Compaction
tsink uses LSM-style leveled compaction to merge small L0 segments produced by the write pipeline into progressively larger L1 and L2 segments. Compaction reduces the number of segment files, eliminates duplicate and tombstoned data points, and keeps query fan-out bounded as data accumulates over time.L0 / L1 / L2 levels
Every segment carries a level tag written into its manifest at creation time. There are three levels:| Level | Written by | Compacted from |
|---|---|---|
| L0 | Flush pipeline (WAL → segments) | — |
| L1 | Compactor | L0 |
| L2 | Compactor | L1 |
Trigger conditions
A compaction pass fires for a given level when either of the following is true:- Count trigger — the number of eligible segments at the source level reaches the configured threshold (default 4 for both L0→L1 and L1→L2).

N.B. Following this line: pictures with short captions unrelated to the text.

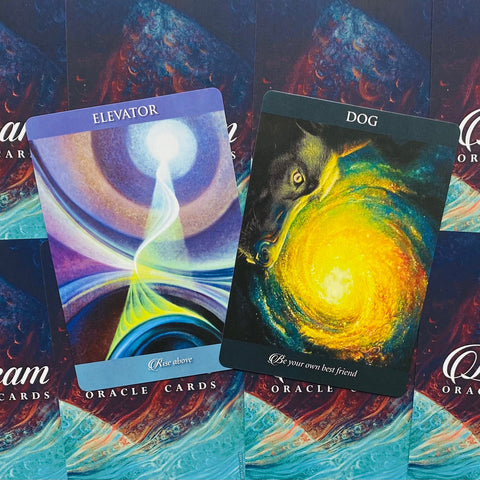 Dream Oracle Cards 53-Card Divination Deck with Guidebook by U.S. Games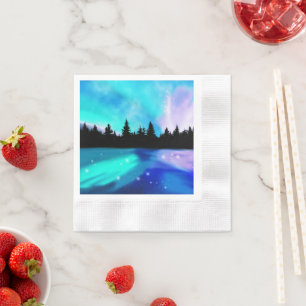 Daybreak Reflections Napkins Serviette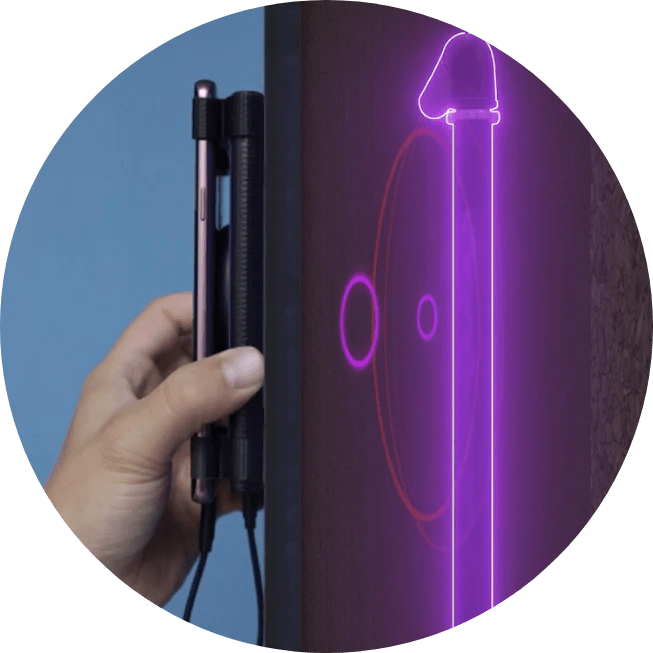 The world's most advanced stud finder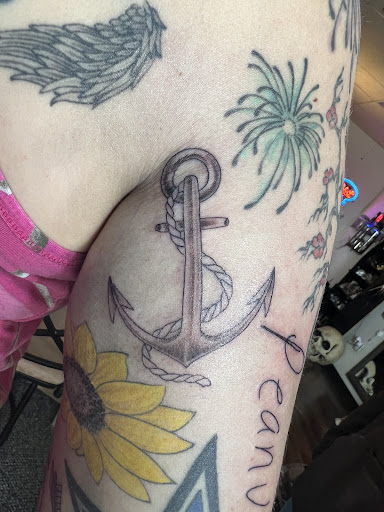 Explore small tattoo placement ideas female, creative tattoo ideas in Rapid City, available at Rushmore Tattoo Company LLC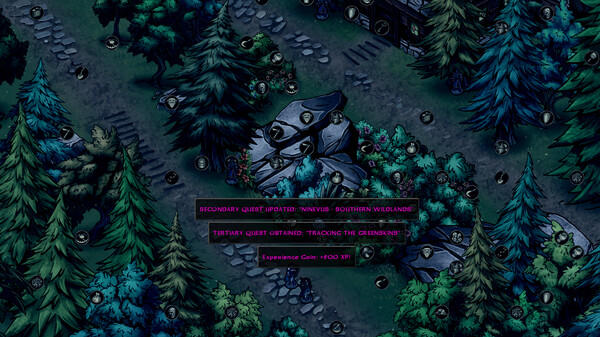 Screenshot z Tales of Legendary Lust: Aphrodisia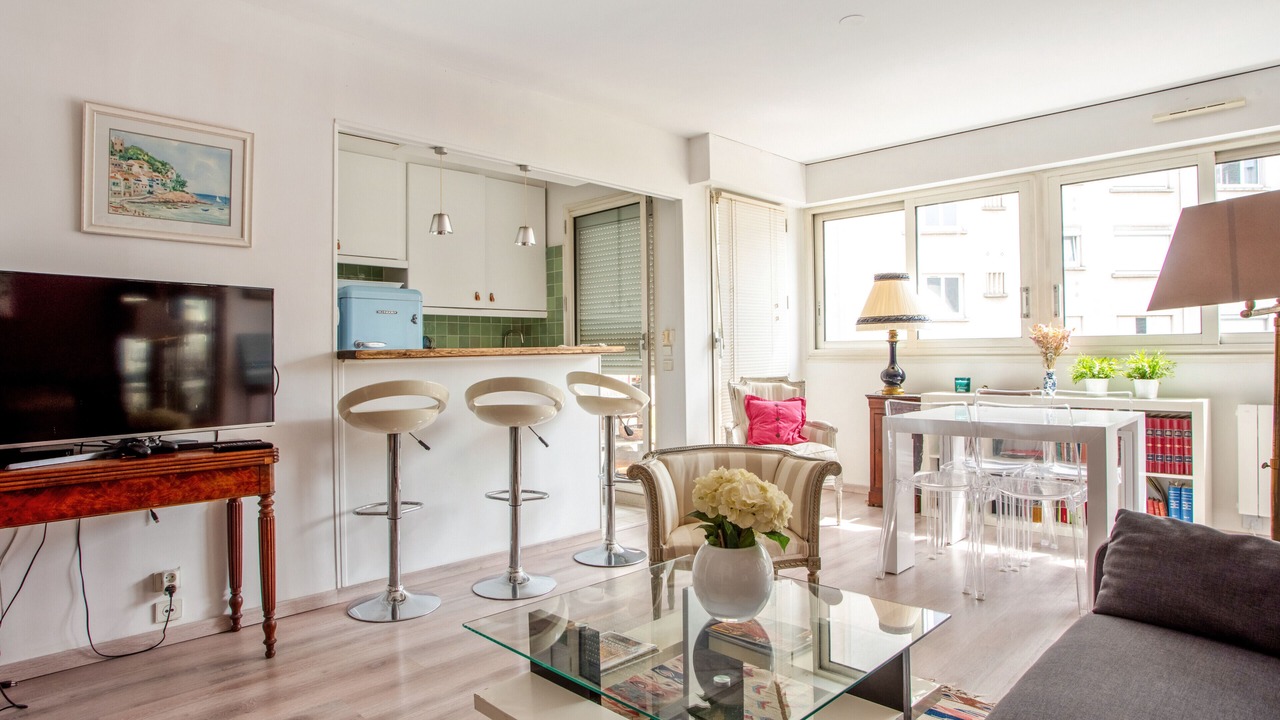 Photo of Livingroom in Billancourt–Rives de Seine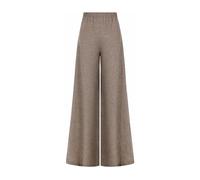 Fabiana Filippi - Wide Pantaloni - - Trousers - Donna - Marrone - S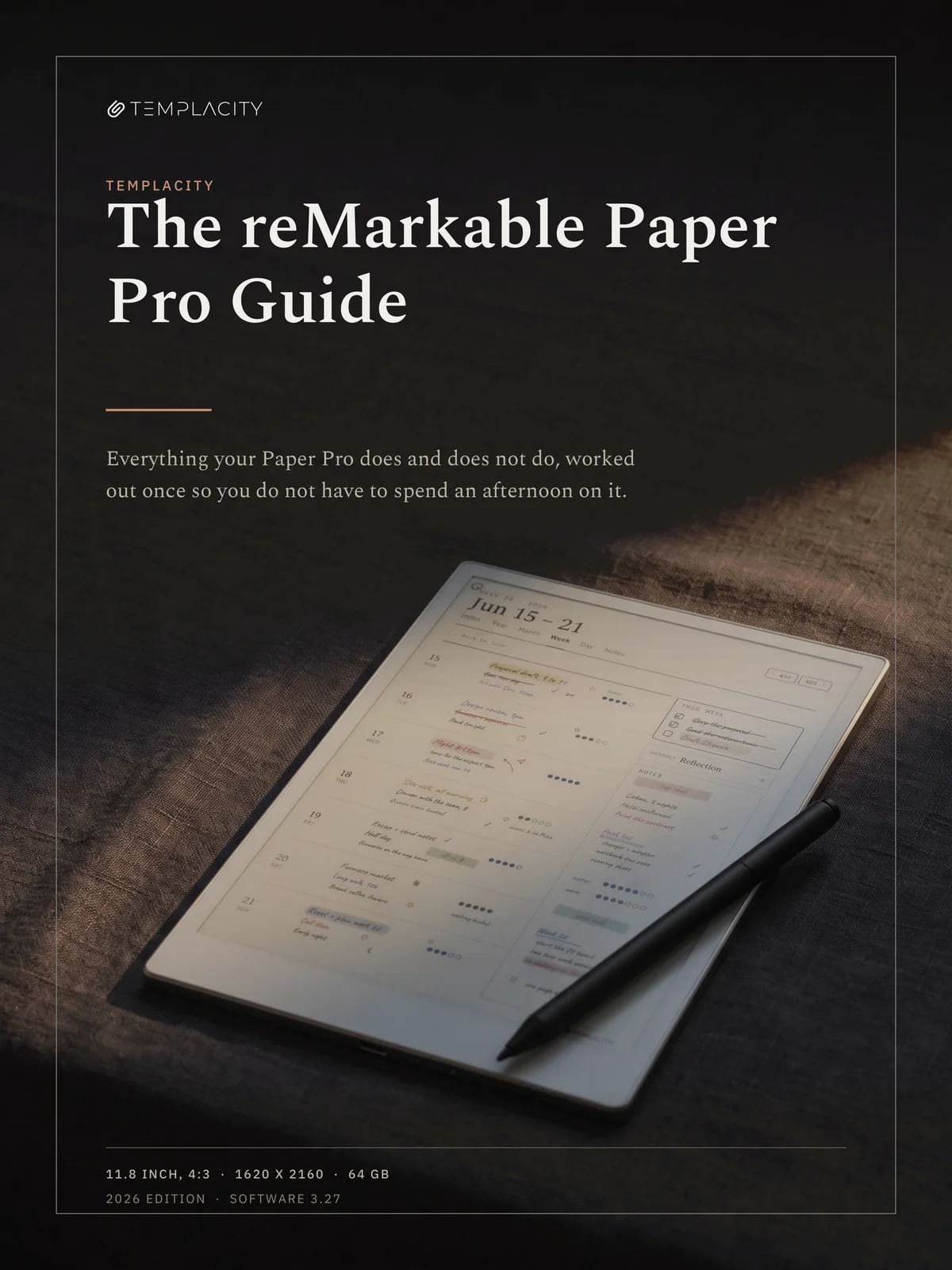 The reMarkable Paper Pro Guide
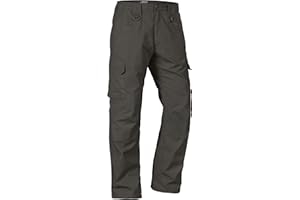 LA POLICE GEAR LAPG Men's Basic Operator Pants, Water Resistant Ripstop Tactical Pants for Men, Lightweight Durable EDC Outdoor Hiking Pants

- Time overlap — any two segments at the source level have overlapping time ranges, regardless of segment count.
compact_once call checks L0 first, then L1. Only one level is compacted per call.
Window selection
Rather than compacting all available source segments at once, each pass selects a window of up toDEFAULT_SOURCE_WINDOW_SEGMENTS (8) segments. The selection
algorithm:
- If any segments have overlapping time ranges, the algorithm identifies the smallest cluster of overlapping segments and selects up to 8 of them by their original storage order. This ensures overlaps are resolved before anything else.
- If there are no overlaps, the algorithm takes the oldest
count_trigger(≥ 2) segments sorted by segment ID.
Merge algorithm
The merge is a k-way heap merge that streams all source data points in timestamp order across all input chunks for the same series:- Each input chunk is decoded into individual data points and placed behind a cursor.
- A min-heap ordered by
(timestamp, chunk_order)drives the merge — the earliest timestamp across all cursors is drained first. - A point is skipped if:
- It is an exact duplicate of the previously emitted point — same
(ts, value)pair. - Its timestamp falls within a tombstoned range.
- Its timestamp is older than the retention cutoff (when compaction is used to enforce retention).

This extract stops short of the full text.